Some have been caught carrying knives and clubs.
Although the clowns have yet to cause any serious harm or damage, people are taking the phenomenon seriously. In a country locked in a low-intensity conflict with the Palestinians and traumatized by regular knifing, shooting and vehicular attacks, authorities have warned that those dressed as creepy clowns may be mistaken for a credible threat.
On Sunday, a popular radio show dedicated almost half an hour to discussing the evil clowns by inviting “good” clowns to defend their profession. They lamented that younger children might now be scared to invite clowns to their birthday parties.
Israeli children are currently on vacation for the Jewish high holy days, but that did not stop the Education Ministry from publishing guidelines to help children cope with the clown scare, the Times of Israel news website reported last week.
On its Facebook page Sunday, Israeli police called on parents to talk to their children and prevent them from taking part in the phenomenon.
They also warned people against taking the law into their own hands and fighting back against the clowns.
Since the scary clowns stepped out of the shadows, other teens have set up night patrols to combat them. Over the weekend, police detained five teens ages 13 to 16 and armed with clubs and knives in the coastal city of Ashkelon. They said they were carrying weapons just in case they came face to face with any clowns.

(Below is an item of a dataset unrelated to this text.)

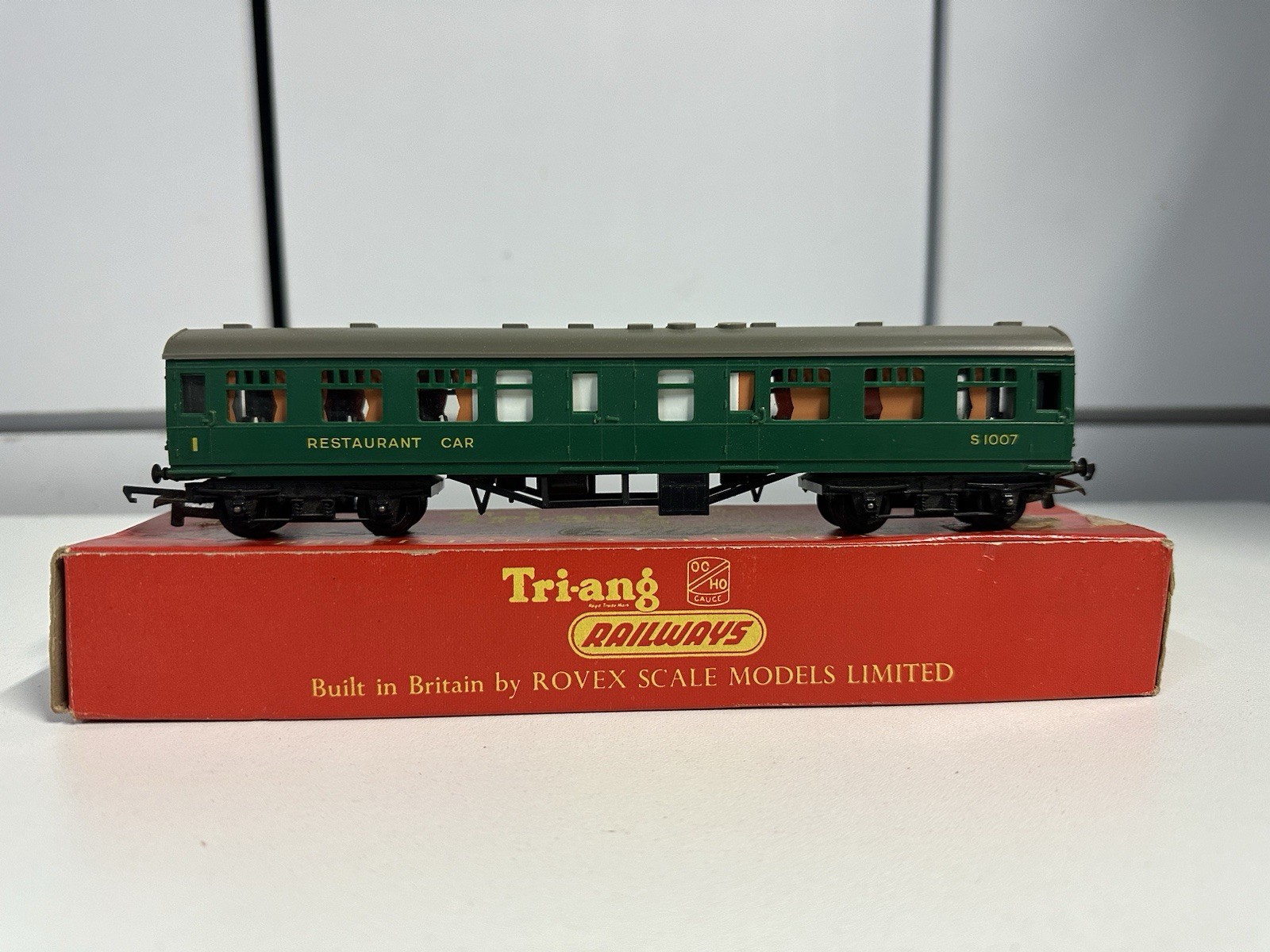 TRIANG R229 BR SOUTHERN GREEN RESTAURANT CAR COACH S1007 BOXED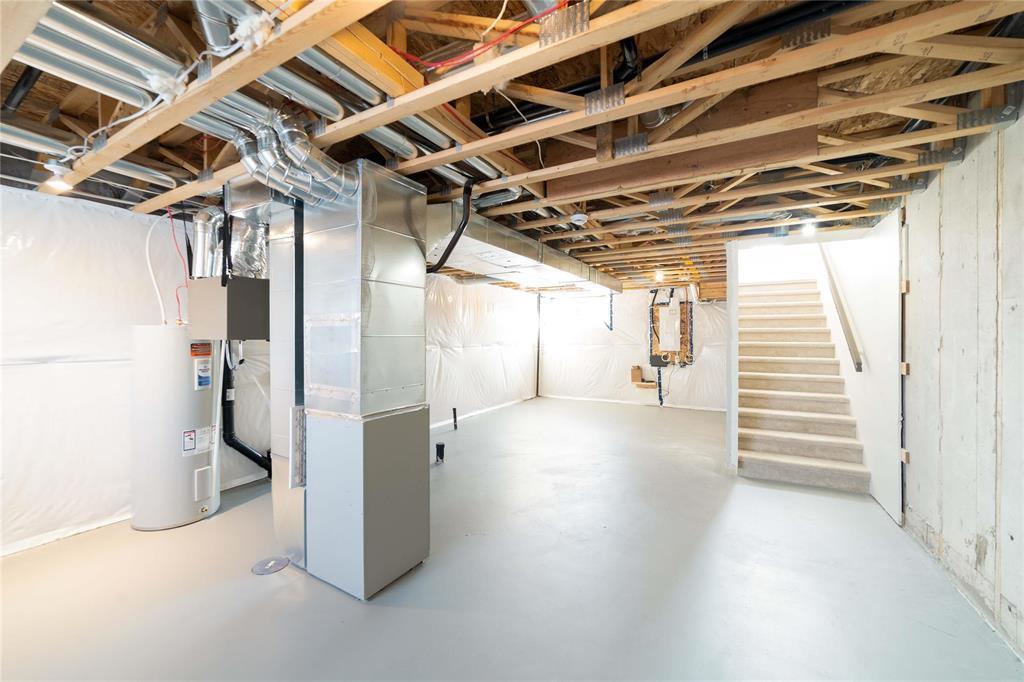 77 Ken Oblik Drive, Winnipeg, MB - Indoor Photo Showing Basement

In the northern city of Safed, the local council launched a campaign to put an end to the craze, coining the slogan “My little clown, here you will end up with a criminal record,” the Israeli daily Haaretz reported.
The scary-clown phenomenon in Israel is similar to one that trended internationally last year and was fueled by social media, police said. During 2016, sightings of people dressed in scary clown costumes were common across the United States and Britain.